### What this task involves
Write out, exactly and in full, the line where "Radiohead - Hail" appears together with all lines that follow it in the entries below. Do not include pictures.

### Material for the task
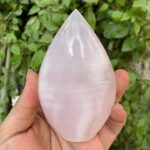 400g Best Quality UV-Reactive Pink Mangano Calcite Flame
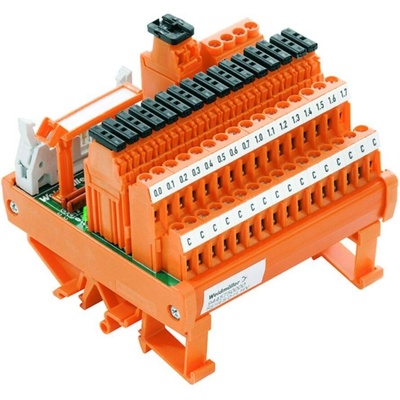 Weidmüller předávací prvek 1 ks RS 16IO 2W I H Z 50, 25 V/DC, V/AC (max)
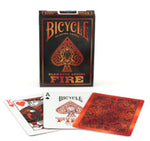 Bicycle Element Fire Playing Cards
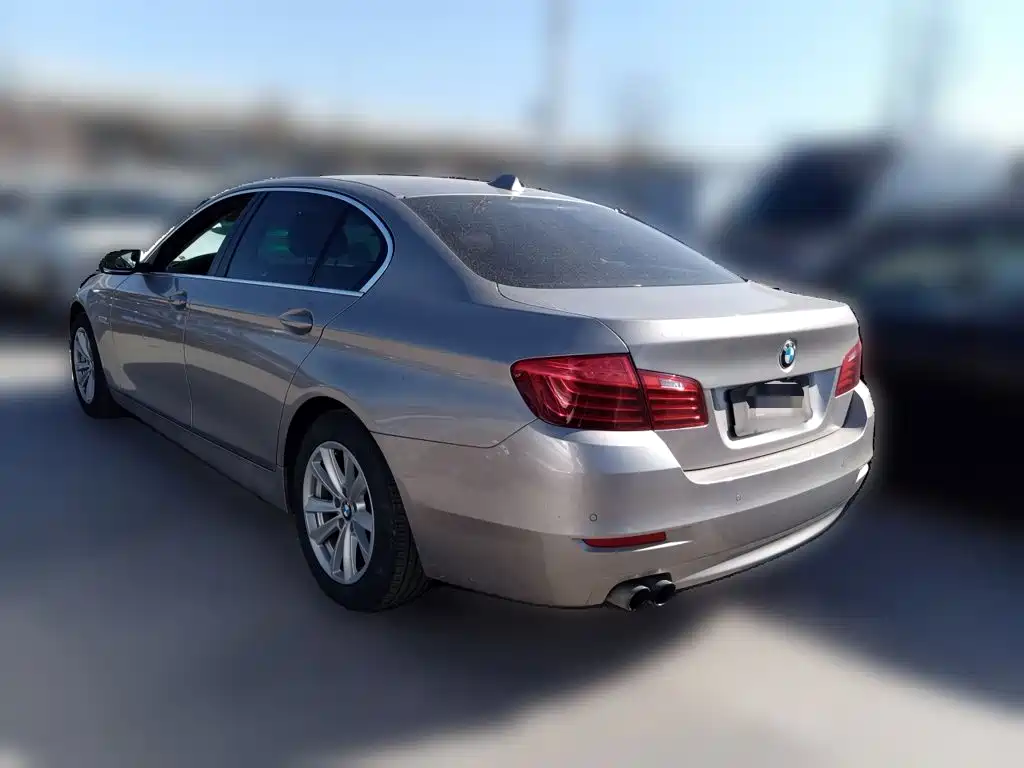 BMW 5 Series 2016 — фото 25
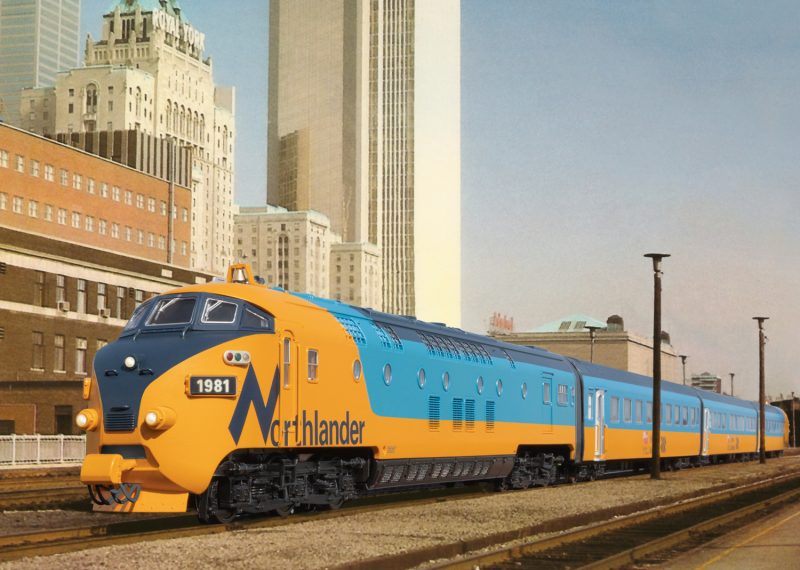 Märklin 39705 "Northlander" Diesel Powered Train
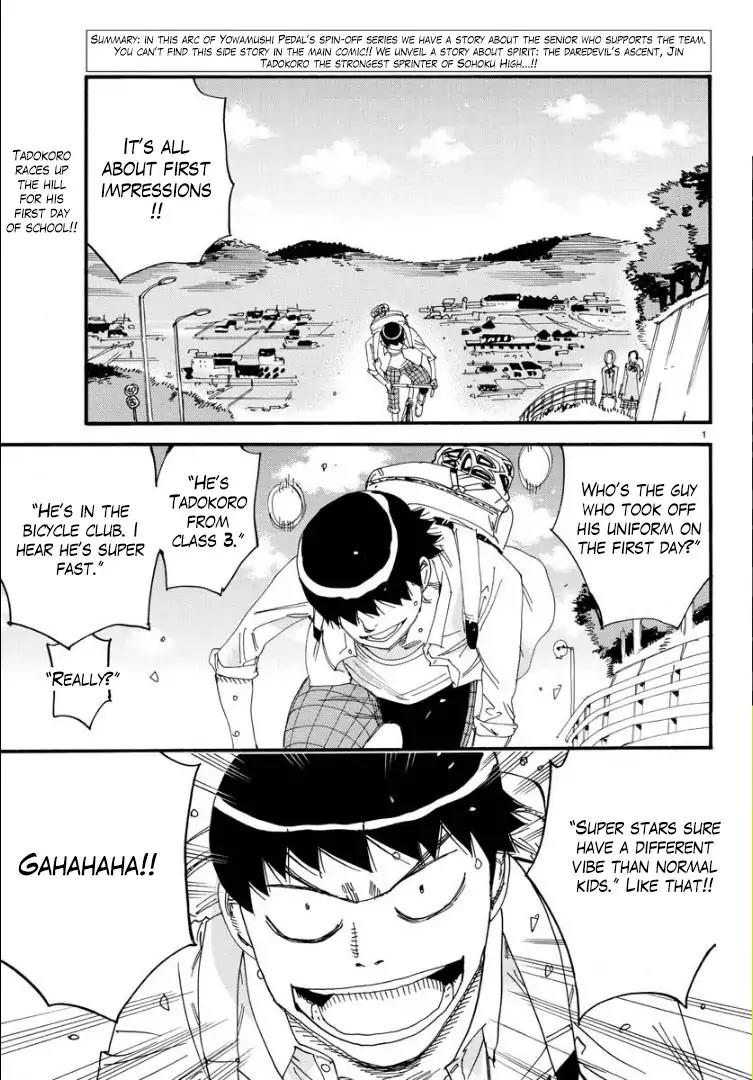 Yowamushi Pedal - Spare Bike Chapter 56 page 4 - Chapter 56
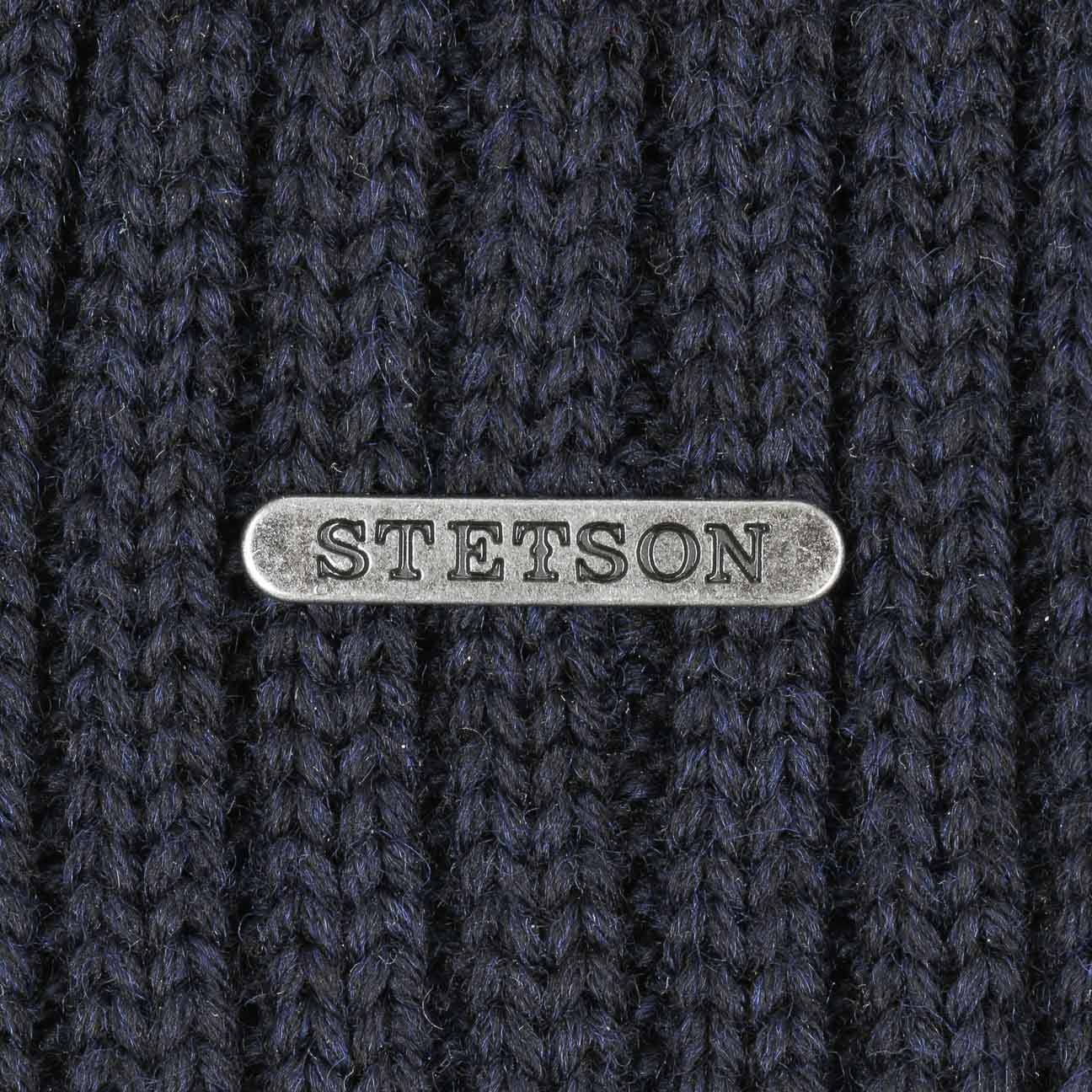 Stetson - Northport Beanie Merino - Navy - Headz Up 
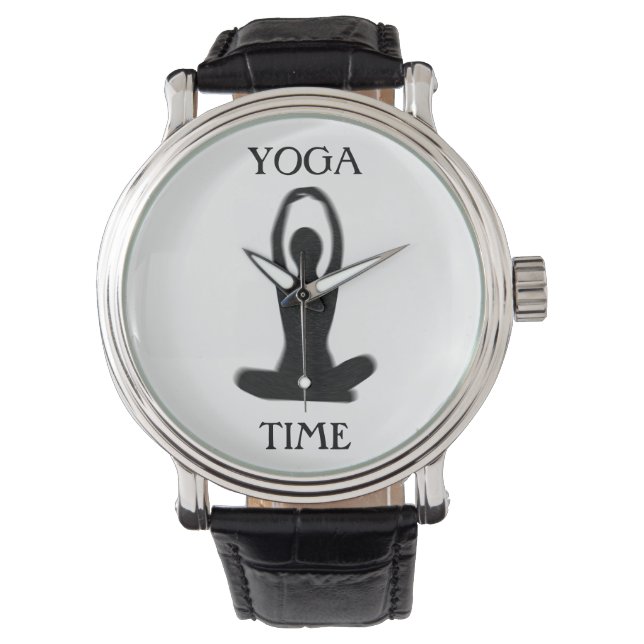 Reloj De Pulsera Tiempo de yoga (Anverso)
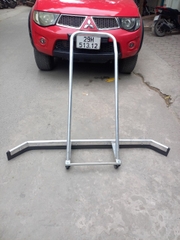 Xe Gạt Bùn Đất Trong Mài Sàn, Gạt Nước Sân Tennis - Khung Nhôm Phủ Sơn Tĩnh Điện D30mm - Đế Gặt Xốp EVA - 2 Bánh Xe Cao Su - Dài 1400mm x Cao 900mm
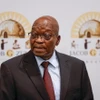 Cựu Tổng thống Nam Phi Jacob Zuma. (Nguồn: AFP/TTXVN)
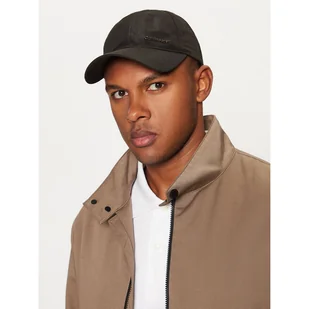 Czapka z daszkiem Calvin Klein K50K512646 Czarny - Czapki męskie - miniaturka - grafika 1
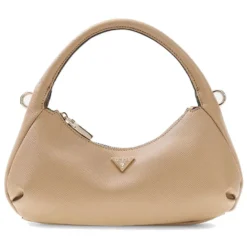 Borsa Donna Hobo Mini a Mano GUESS Linea Gilda Colore Beige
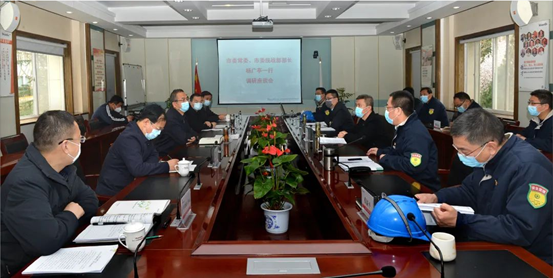 西安市委常委、市委统战部部长杨广亭深入南宫NG28实地调研指导疫情防控及复工复产事情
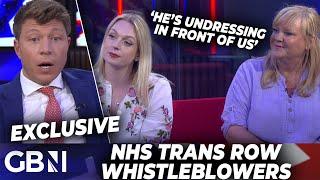 Panic attacks and tears  NHS nurses blow whistle on trans scandal erupting over single-sex spaces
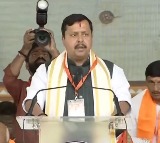 Nitin Nabin Warns Against Attacks on Sanatana Dharma in Telangana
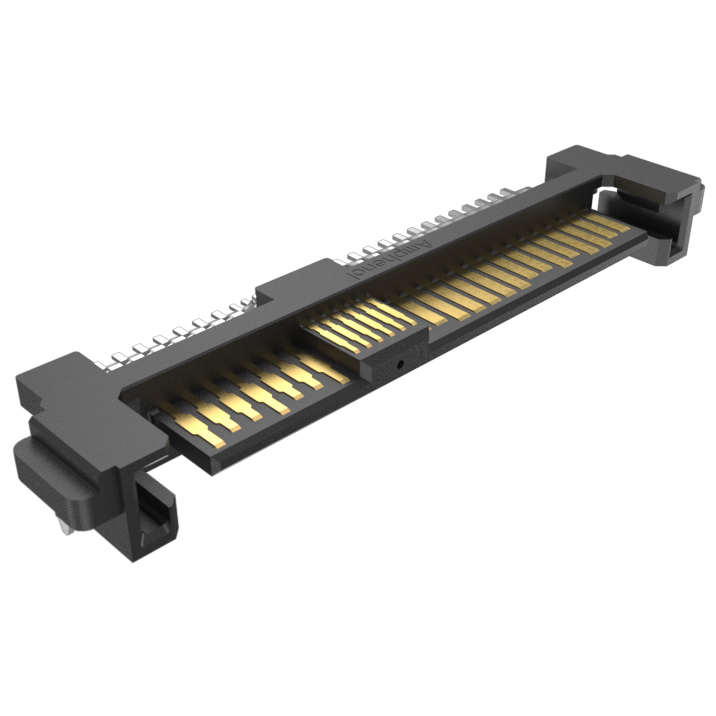 【PSAS4M2130081TR】SAS/PCIE 4.0 (U.2 & U.3) CONNECT [digi-reel品]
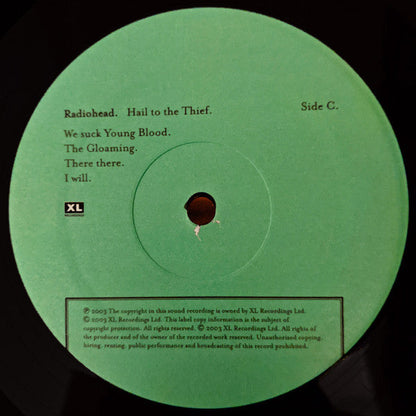 Radiohead - Hail To The Thief (2xVINYL) | Mint (M) Mint (M)-
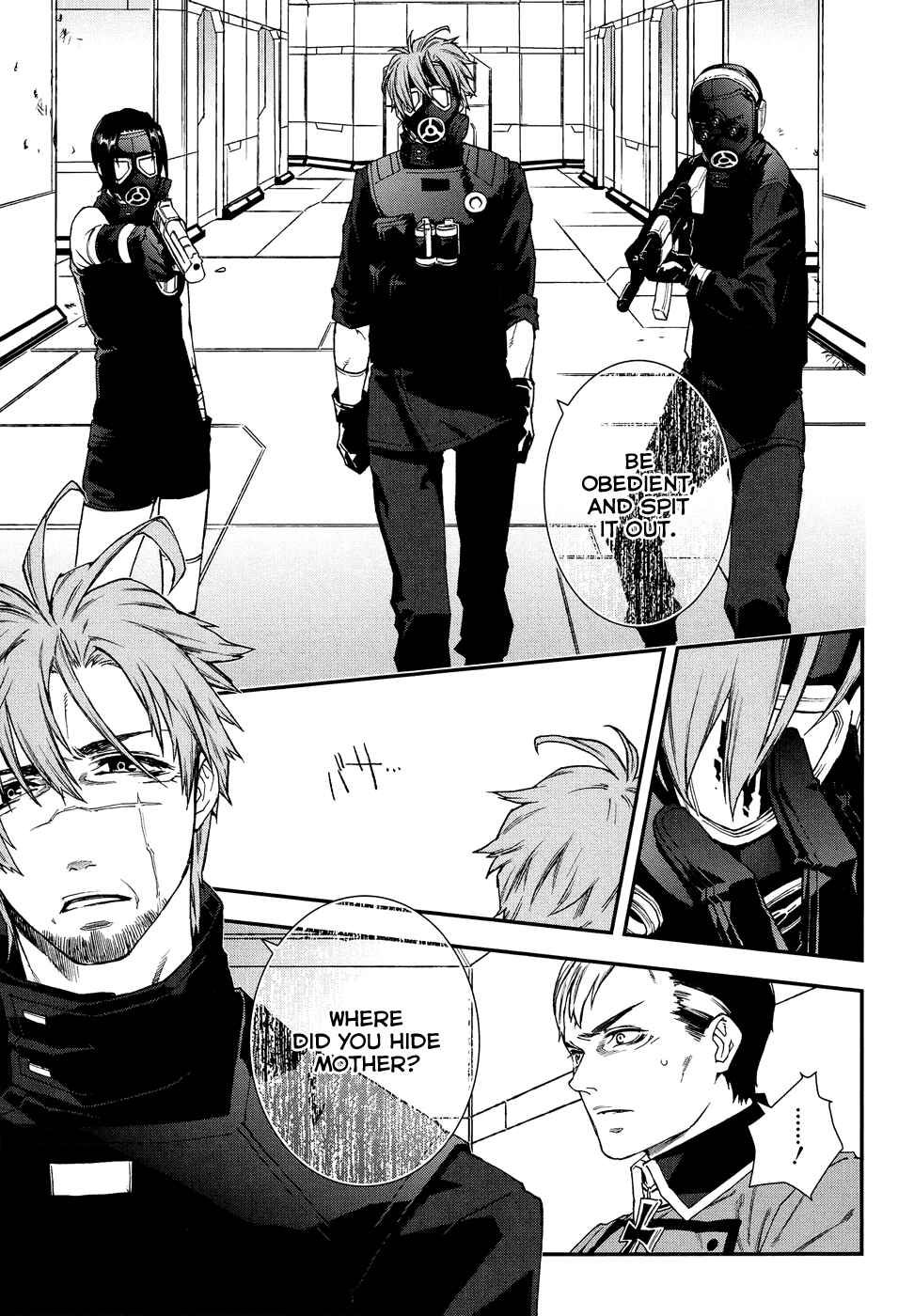 Page 26 Chapter 47 Mother Keeper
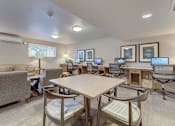 Thumbnail 9 of 21 - Business Center at VINTAGE AT HOLLY VILLAGE SENIORS Apartments, Washington, 98204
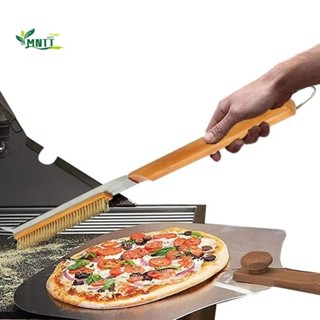 MNTT Bếp Pizza Lò Nướng Bàn Chải Inox Lông Gia Đình BBQ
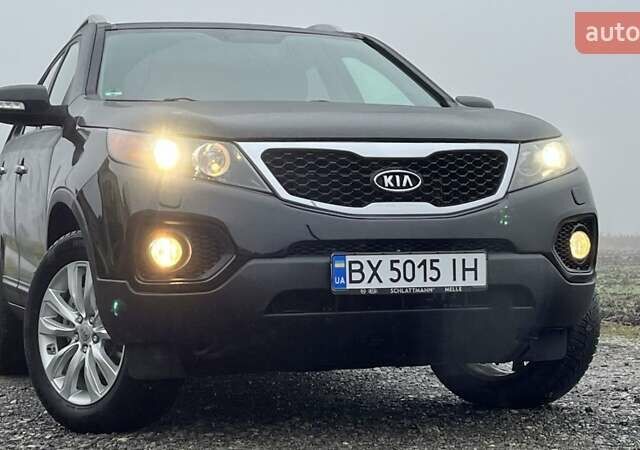 Черный Киа Соренто, объемом двигателя 2.2 л и пробегом 173 тыс. км за 13448 $, фото 1 на Automoto.ua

### Exercise result
 Radiohead - Hail To The Thief (2xVINYL) | Mint (M) Mint (M)-
 Page 26 Chapter 47 Mother Keeper
 Thumbnail 9 of 21 - Business Center at VINTAGE AT HOLLY VILLAGE SENIORS Apartments, Washington, 98204
 MNTT Bếp Pizza Lò Nướng Bàn Chải Inox Lông Gia Đình BBQ
 Черный Киа Соренто, объемом двигателя 2.2 л и пробегом 173 тыс. км за 13448 $, фото 1 на Automoto.ua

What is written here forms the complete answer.